Although the film begins like a cold-war thriller (‘with the drafty telephone boxes and park seats – the whole chilly paraphernalia of treason’, as John Clements’ Major Hall observes) it develops into something very different. Perhaps this is not surprising, considering director Basil Dearden’s pedigree. He is most famous for ‘issue films’: tackling race in Sapphire, juvenile delinquency in The Blue Lamp (in which Dirk Bogarde was cast against type as a teenage ruffian) and homosexuality in the ground-breaking Victim (again with Bogarde). Whereas in The Manchurian Candidate brain-washing can lead to presidential assassination attempts, in The Mind Benders it causes marriage difficulties.
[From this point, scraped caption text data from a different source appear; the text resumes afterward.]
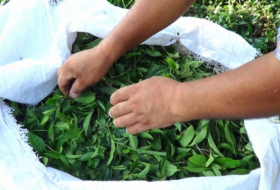   Les exportations azerbaïdjanaises de thé en hausse  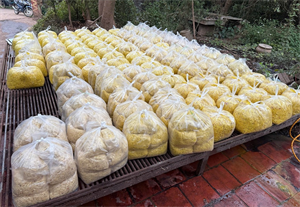 Riềng xay trộn chất cấm Vàng O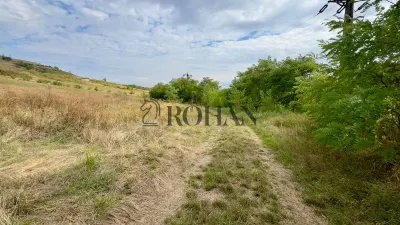 Teren 4.000 mp | Front Generos 47 ml | Utilități | La Asfalt | Cricău - foto 6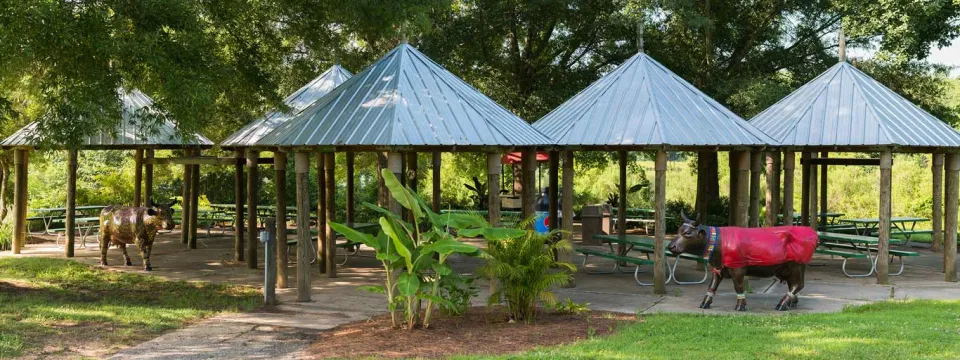Several small picnic shelters with green roofs set together on a cement pad in a shady, wooded area. There is a path leading to them and a large, colorful cow statue flanking either side of the pad.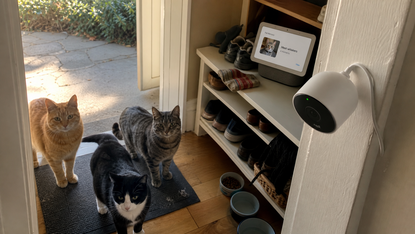 Google lancia Pet Memory, ma confonde i gatti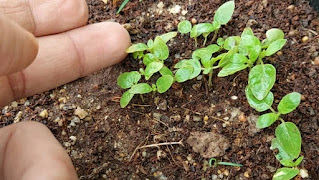 tulsi seeds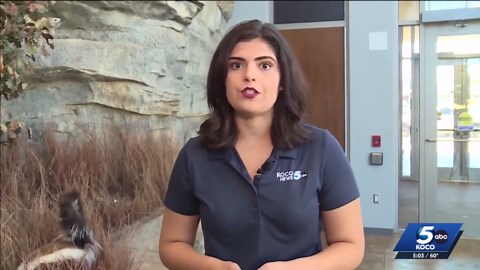 Oklahoma tribes challenge hunting license requirements amid deer season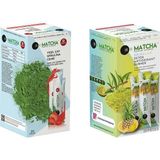Bilge İlaç Çilek ve Ananas Aromalı Detox Matcha Çayı (2 Kutu=40 Şase(Poşet)) - Bitki Çayı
Mary Ure sees her marriage descend into another Look Back in Anger as her husband succumbs to the power of suggestion (he is told that he hates his wife while in his weakened state). However, it is this approach that makes The Mind Benders such a curiosity and perhaps also it is where the film ultimately fails. The cross between sci-fi and family drama is interesting but neither area is sufficiently developed for it to work. This may be because Ure and Bogarde’s marriage difficulties occur largely off-screen during a family holiday: the story of sexual humiliation in Amsterdam is told but not seen (although the film was surprisingly awarded an X-certificate on its original release).
Despite starring everyone’s favourite pin-up doctor, Dirk Bogarde, the film was a box office and critical failure at the time – with one headline reading, ‘Bogarde thriller is shabby and nasty’. Although this seems an exaggeration the film can be seen as a continuation of Bogarde’s move away from his Rank screen idol persona (although he was still to reprise his role as the charming Doctor Simon Sparrow throughout the 60s), a journey that was to lead to the genuinely nasty The Damned (1969) and The Night Porter (1974).
All in all, The Mind Benders is a fascinating failure. It is intelligent science fiction made for an adult audience (although hardly deserving its X-certificate). Dearden directs with his usual moody seriousness (and with the staid professionalism that always separated him from the younger generation of directors that included Karel Reisz and Tony Richardson). Even the mind-bending hallucinations in the tank (a few double-exposure shots) are handled with a degree of subtlety. The cast are excellent, particularly Bogarde, who in true Dr Jeckyll style, plays both scientist and guinea pig, and Ure as his suffering wife. Georges Auric’s score is also noteworthy but one can’t help thinking the subject matter might have been better suited to Roger Corman.